The move to take over nuclear regulatory control from the federal government has been completed “ahead of schedule and ahead of budget,” said Kyle Wendtland, land quality division administrator for the Wyoming Department of Environmental Quality.

Wyoming began the four-year process of becoming an agreement state in 2015, and the agency originally aimed to take control of nuclear permitting by 2019.


Wyoming has the largest uranium reserves in the U.S. and open-pit mining once employed about 3,000 workers in Fremont County before the market collapsed in the early 1980s.

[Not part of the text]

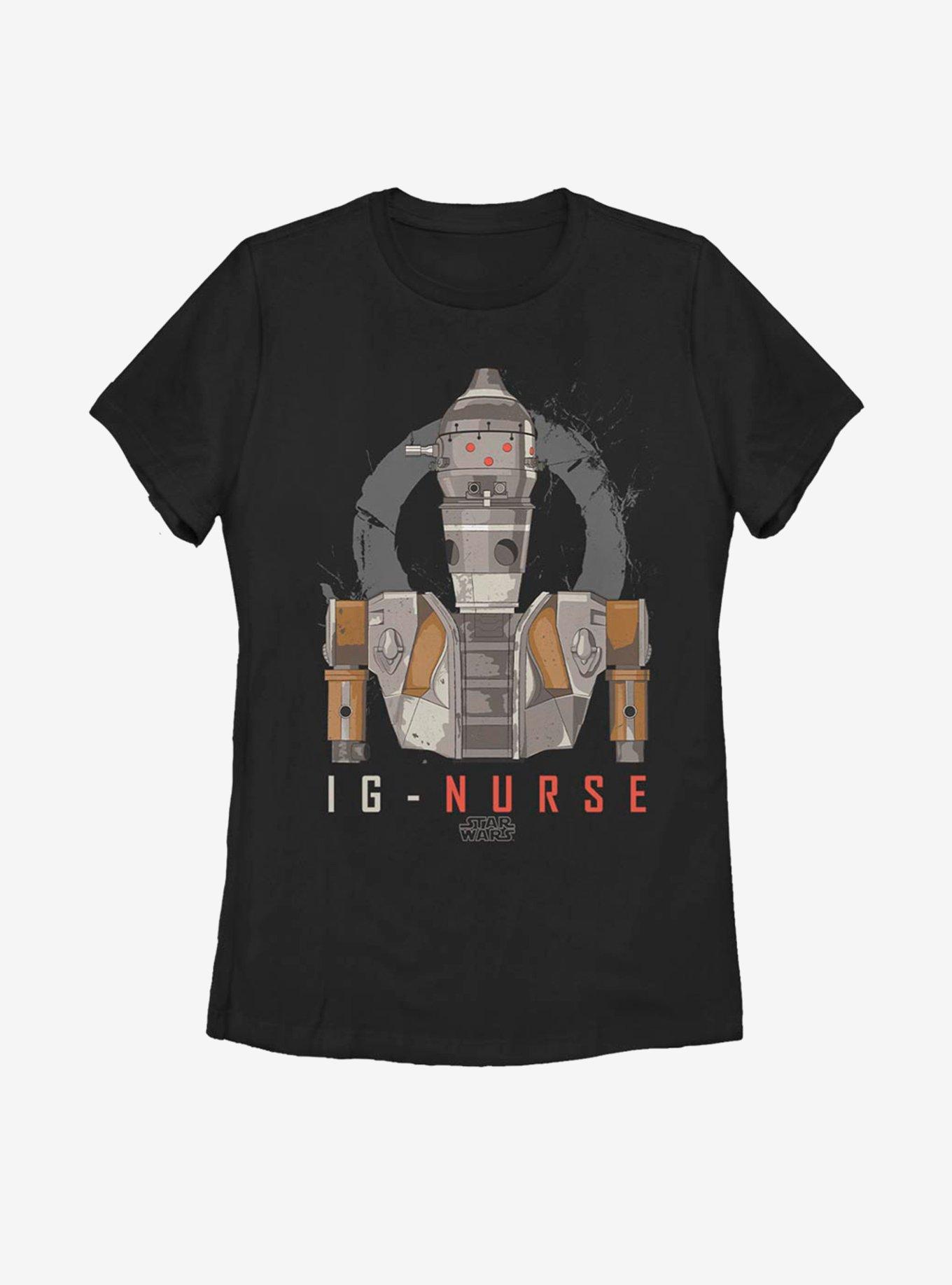 Star Wars The Mandalorian The Child IG - Nurse Womens T-Shirt, BLACK, hi-res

Uranium reserves in the Shirley Basin also have economic potential for Albany County. Ur-Energy, which controls the Shirley Basin mine sites, estimates that 6.3 million pounds of uranium ore could be extracted from the site.

If the price rose to $100 per pound, Wyoming would have roughly $40 billion worth of uranium reserves, according estimates by the federal government.


Production in countries with less environmental rules has made domestic production uncompetitive and Russia has increased exports to advance its foreign policy goals. Russia, Uzbekistan and Kazakhstan now account for 30-40 percent of U.S. uranium imports, according to Paul Goranson, chief operating officer for Energy Fuels Inc.